Le major de l’époque, Smedley Butlerde, a été un des premiers à débarquer en Haïti, où il a reçu sa deuxième Médaille d’Honneur pour sa valeur au combat. Il s’est retiré avec le degré de major général en 1931 et en août de cette année il s’est confié dans une convention de la Légion Américaine (Jules Archer, The Plot to Seize the White House, Hawthorn Books, Nueva York, 1973). Cela vaut la peine de citer ses mots in extenso : ils révèlent la vraie nature des interventions militaires étasuniennes dans des pays étrangers.

Butler a dit : "J’ai passé 33 ans en étant un muscle de grande classe pour les Grandes Affaires, pour Wall Street et les banquiers. En synthèse, j’ai été un déprédateur du capitalisme... J’ai aidé à purifier le Nicaragua pour la banque internationale Brown Brothers en 1909-1912. J’ai aidé à faire du Mexique, spécialement de Tampico, un lieu sûr pour les intérêts pétroliers étasuniens en 1916. J’ai préparé le terrain en République dominicaine pour les intérêts sucriers étasuniens en 1916. J’ai aidé à transformer Haïti et Cuba en lieu décent pour que les gars de (la banque) National City puissent obtenir des profits. J’ai aidé à piller une demi-douzaine de républiques d’Amérique centrale pour le bénéfice de Wall Street... En Chine, en 1927, j’ai aidé à ce que la Standard Oil puisse faire son travail sans ennuis ... elle avait une bande distinguée. Ils m’ont récompensé avec des honneurs, des médailles, des promotions... Je pourrais faire des clins d’oeil à Al Capone. Le maximun que j’ai pu faire a été d’agir dans trois villes. Les marines ont agi dans trois continents". Archer assure que l’audience était abasourdie. Et que peu de journaux ont osé publier ne fut-ce qu’un fragment innocent du discours.

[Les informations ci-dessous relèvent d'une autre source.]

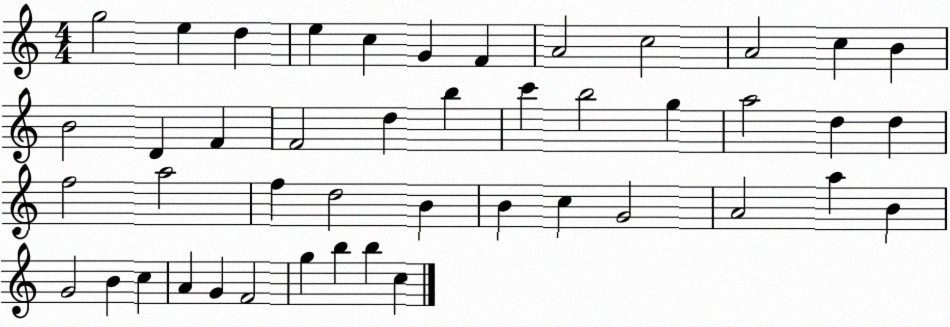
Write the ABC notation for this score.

X:1
T:Untitled
M:4/4
L:1/4
K:C
g2 e d e c G F A2 c2 A2 c B B2 D F F2 d b c' b2 g a2 d d f2 a2 f d2 B B c G2 A2 a B G2 B c A G F2 g b b c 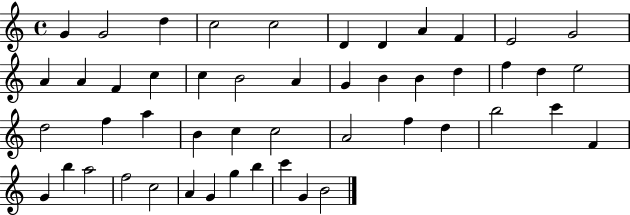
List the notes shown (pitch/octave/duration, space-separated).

G4/q G4/h D5/q C5/h C5/h D4/q D4/q A4/q F4/q E4/h G4/h A4/q A4/q F4/q C5/q C5/q B4/h A4/q G4/q B4/q B4/q D5/q F5/q D5/q E5/h D5/h F5/q A5/q B4/q C5/q C5/h A4/h F5/q D5/q B5/h C6/q F4/q G4/q B5/q A5/h F5/h C5/h A4/q G4/q G5/q B5/q C6/q G4/q B4/h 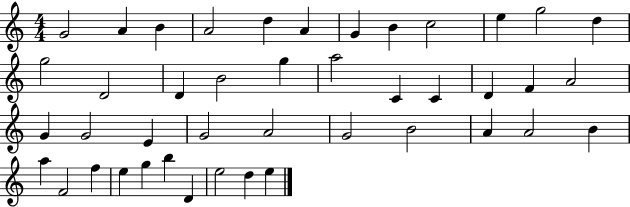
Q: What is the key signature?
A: C major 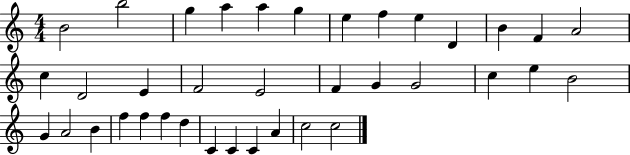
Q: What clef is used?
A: treble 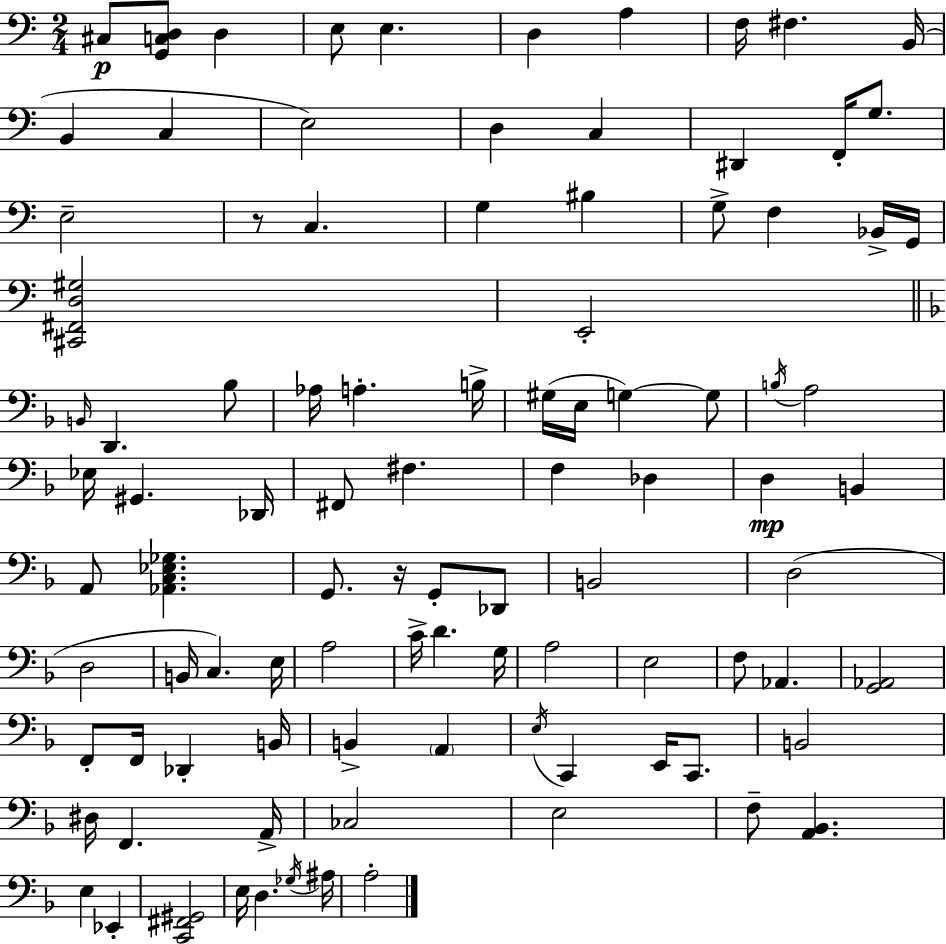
X:1
T:Untitled
M:2/4
L:1/4
K:Am
^C,/2 [G,,C,D,]/2 D, E,/2 E, D, A, F,/4 ^F, B,,/4 B,, C, E,2 D, C, ^D,, F,,/4 G,/2 E,2 z/2 C, G, ^B, G,/2 F, _B,,/4 G,,/4 [^C,,^F,,D,^G,]2 E,,2 B,,/4 D,, _B,/2 _A,/4 A, B,/4 ^G,/4 E,/4 G, G,/2 B,/4 A,2 _E,/4 ^G,, _D,,/4 ^F,,/2 ^F, F, _D, D, B,, A,,/2 [_A,,C,_E,_G,] G,,/2 z/4 G,,/2 _D,,/2 B,,2 D,2 D,2 B,,/4 C, E,/4 A,2 C/4 D G,/4 A,2 E,2 F,/2 _A,, [G,,_A,,]2 F,,/2 F,,/4 _D,, B,,/4 B,, A,, E,/4 C,, E,,/4 C,,/2 B,,2 ^D,/4 F,, A,,/4 _C,2 E,2 F,/2 [A,,_B,,] E, _E,, [C,,^F,,^G,,]2 E,/4 D, _G,/4 ^A,/4 A,2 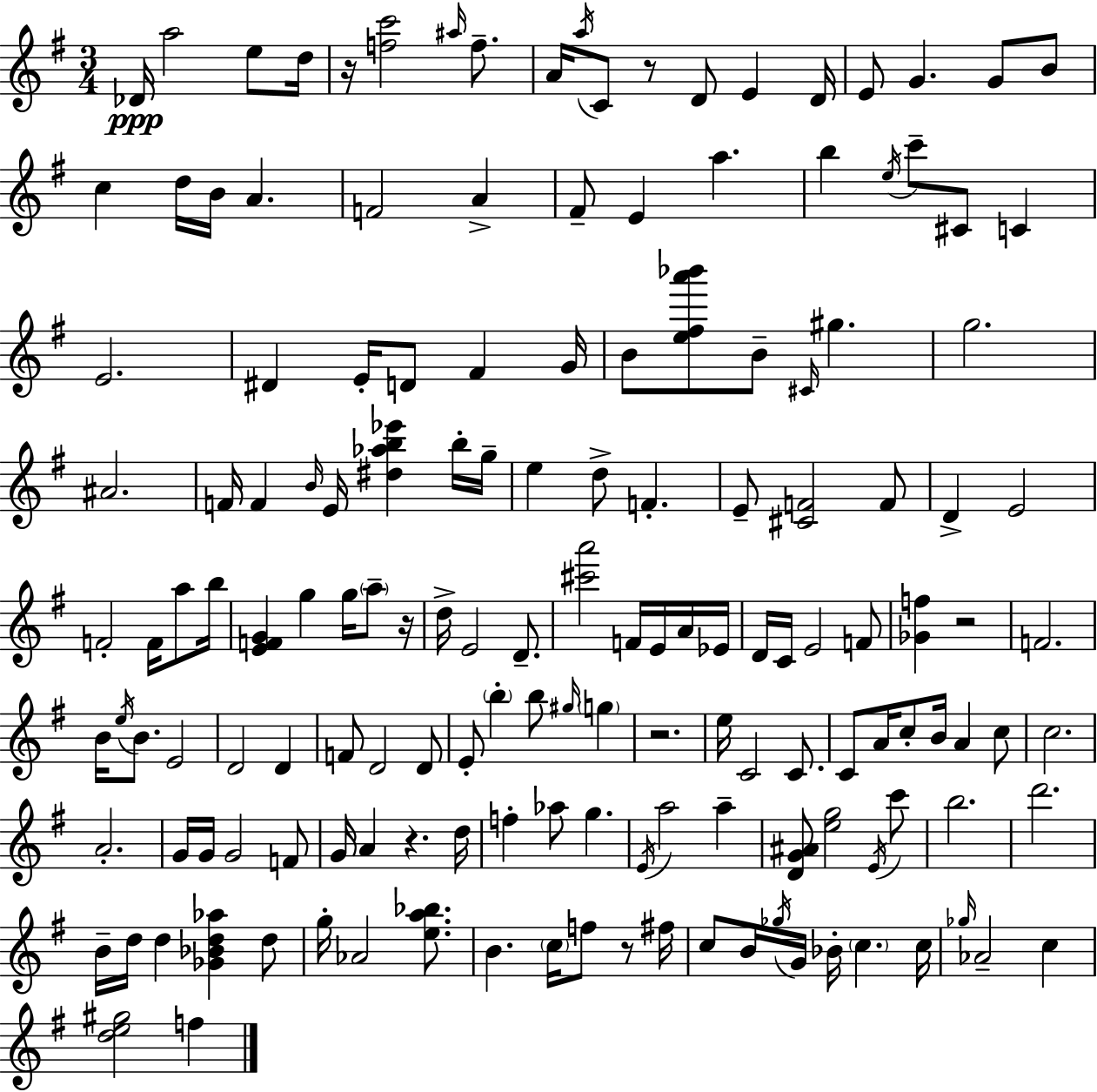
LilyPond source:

{
  \clef treble
  \numericTimeSignature
  \time 3/4
  \key g \major
  des'16\ppp a''2 e''8 d''16 | r16 <f'' c'''>2 \grace { ais''16 } f''8.-- | a'16 \acciaccatura { a''16 } c'8 r8 d'8 e'4 | d'16 e'8 g'4. g'8 | \break b'8 c''4 d''16 b'16 a'4. | f'2 a'4-> | fis'8-- e'4 a''4. | b''4 \acciaccatura { e''16 } c'''8-- cis'8 c'4 | \break e'2. | dis'4 e'16-. d'8 fis'4 | g'16 b'8 <e'' fis'' a''' bes'''>8 b'8-- \grace { cis'16 } gis''4. | g''2. | \break ais'2. | f'16 f'4 \grace { b'16 } e'16 <dis'' aes'' b'' ees'''>4 | b''16-. g''16-- e''4 d''8-> f'4.-. | e'8-- <cis' f'>2 | \break f'8 d'4-> e'2 | f'2-. | f'16 a''8 b''16 <e' f' g'>4 g''4 | g''16 \parenthesize a''8-- r16 d''16-> e'2 | \break d'8.-- <cis''' a'''>2 | f'16 e'16 a'16 ees'16 d'16 c'16 e'2 | f'8 <ges' f''>4 r2 | f'2. | \break b'16 \acciaccatura { e''16 } b'8. e'2 | d'2 | d'4 f'8 d'2 | d'8 e'8-. \parenthesize b''4-. | \break b''8 \grace { gis''16 } \parenthesize g''4 r2. | e''16 c'2 | c'8. c'8 a'16 c''8-. | b'16 a'4 c''8 c''2. | \break a'2.-. | g'16 g'16 g'2 | f'8 g'16 a'4 | r4. d''16 f''4-. aes''8 | \break g''4. \acciaccatura { e'16 } a''2 | a''4-- <d' g' ais'>8 <e'' g''>2 | \acciaccatura { e'16 } c'''8 b''2. | d'''2. | \break b'16-- d''16 d''4 | <ges' bes' d'' aes''>4 d''8 g''16-. aes'2 | <e'' a'' bes''>8. b'4. | \parenthesize c''16 f''8 r8 fis''16 c''8 b'16 | \break \acciaccatura { ges''16 } g'16 bes'16-. \parenthesize c''4. c''16 \grace { ges''16 } aes'2-- | c''4 <d'' e'' gis''>2 | f''4 \bar "|."
} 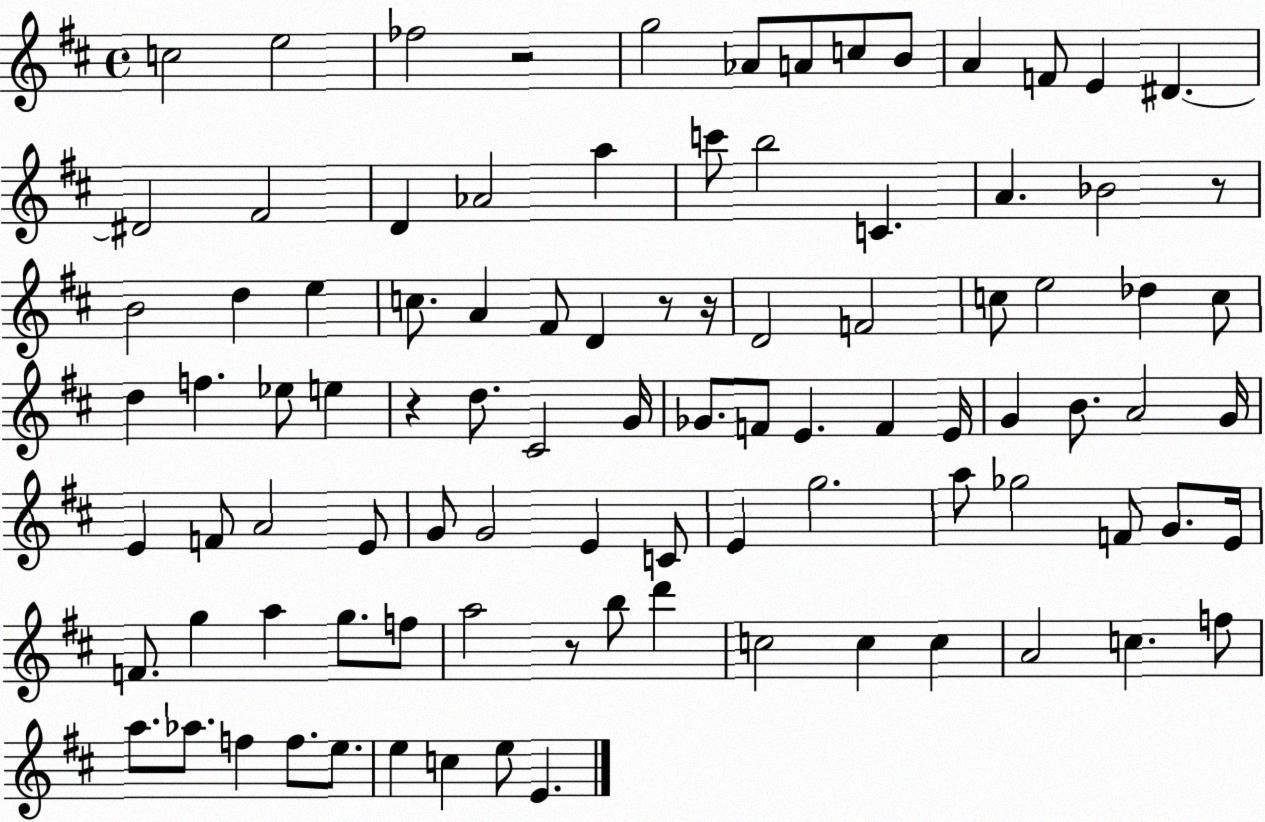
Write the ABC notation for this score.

X:1
T:Untitled
M:4/4
L:1/4
K:D
c2 e2 _f2 z2 g2 _A/2 A/2 c/2 B/2 A F/2 E ^D ^D2 ^F2 D _A2 a c'/2 b2 C A _B2 z/2 B2 d e c/2 A ^F/2 D z/2 z/4 D2 F2 c/2 e2 _d c/2 d f _e/2 e z d/2 ^C2 G/4 _G/2 F/2 E F E/4 G B/2 A2 G/4 E F/2 A2 E/2 G/2 G2 E C/2 E g2 a/2 _g2 F/2 G/2 E/4 F/2 g a g/2 f/2 a2 z/2 b/2 d' c2 c c A2 c f/2 a/2 _a/2 f f/2 e/2 e c e/2 E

Un fait confirme que les troupes des Etats-Unis resteront en Haïti par un certain temps, comme l’a avancé le lieutenant colonel Keim : la Maison Blanche a chargé la DynCorp International, entreprise semi-officielle du Pentagone et de la CIA, de l’agrandissement de la base militaire des occupants. Pour cela ils exproprieront et démoliront les logements de centaines d’haïtiens à Café Soleil, le quartier de Port-au-Prince qui exhibe le plus de trous de balles étrangères.

Juan Gelman, Pagina/12, 01 avril 2010.